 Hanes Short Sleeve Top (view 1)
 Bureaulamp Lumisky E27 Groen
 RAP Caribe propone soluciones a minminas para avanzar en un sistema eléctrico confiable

**About this task**
At the line containing "Bureaulamp Lumisky E27 Groen", start transcribing exactly, and continue through the last line of the listing. Stop there and add nothing.

**Answer to this exercise**
 Bureaulamp Lumisky E27 Groen
 RAP Caribe propone soluciones a minminas para avanzar en un sistema eléctrico confiable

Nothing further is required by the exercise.